Bisnis.com, JAKARTA — Pemerintah dipastikan tetap mendapatkan pendapatan negara bukan pajak dari sektor batu bara kendati terdapat ketentuan royalti nol persen.
Menteri Energi dan Sumber Daya Mineral Arifin Tasrif mengatakan bahwa ketentuan royalti nol persen tersebut diberikan kepada perusahan-perusahaan smelter.
Selain itu, ketentuan itu dapat dinikmati oleh perusahaan-perusahaan yang mengerjakan nilai tambah pada komoditas batu bara sesuai dengan UU No. 3/2020.
"Buat itu semua kena peraturan yang berlaku sesuai Kemenkeu.
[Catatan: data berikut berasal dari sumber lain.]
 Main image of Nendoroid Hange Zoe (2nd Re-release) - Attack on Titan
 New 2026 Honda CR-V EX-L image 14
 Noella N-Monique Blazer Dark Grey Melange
PNBP [penerimaan negara bukan pajak] selama itu akan tetap," katanya dalam rapat kerja dengan Komisi VII DPR, Senin (23/11/2020).
Menurutnya, pemberian royalti nol persen bertujuan mendorong terjadinya penambahan-penambahan program penghiliran yang memberi nilai tambah untuk pemerintah.
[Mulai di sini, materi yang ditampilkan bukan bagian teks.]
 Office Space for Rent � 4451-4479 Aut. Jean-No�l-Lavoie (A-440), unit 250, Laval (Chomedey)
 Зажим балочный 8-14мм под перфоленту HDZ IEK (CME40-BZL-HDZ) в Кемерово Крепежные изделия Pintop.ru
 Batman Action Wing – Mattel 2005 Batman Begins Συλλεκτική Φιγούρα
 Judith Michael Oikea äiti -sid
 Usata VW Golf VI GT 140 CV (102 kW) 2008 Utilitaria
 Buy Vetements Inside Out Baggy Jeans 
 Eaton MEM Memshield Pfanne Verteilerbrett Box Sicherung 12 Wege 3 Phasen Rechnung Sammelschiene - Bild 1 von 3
Sebagai contoh, program penghiliran seperti dimetil eter (DME) yang membutuhkan biaya investasi yang besar. Nantinya, produk DME itu diharapkan bisa menggantikan impor LPG (liquefied petroleum gas).
Baca Juga
"Kalau pertumbuhan DME meningkat ini akan memberi konsumsi batu bara kalori rendah lebih besar lagi ke depan," ungkapnya.
Ketentuan royalti batu bara nol persen itu menjadi perhatian dalam rapat kerja dengan Komisi VII yang digelar hari ini. Sejumlah anggota dewan menyoroti nasib PNBP dari sektor minerba akibat ketentuan itu.
Anggota Komisi VII Ratna Juwita mengatakan bahwa pemerintah perlu mempertimbangkan PNBP akibat penetapan ketentuan tersebut. Pasalnya, sektor minerba merupakan salah satu yang berkontribusi cukup besar terhadap PNBP negara.
Dia menuturkan bahwa PNBP yang disumbangkan royalti batu bara pada 2018 sebesar Rp80 triliun dan Rp42,5 triliun pada 2019.
"Yang ingin saya sampaikan apakah sudah ada skema perhitungan antara kenaikan nilai hilirisasi dengan apa yang sudah disumbangkan batu bara melalui royalti ini karena kita harus berpikir ulang dari sektor mana lagi kita dapat PNBP dari royalti batu bara," ungkapnya.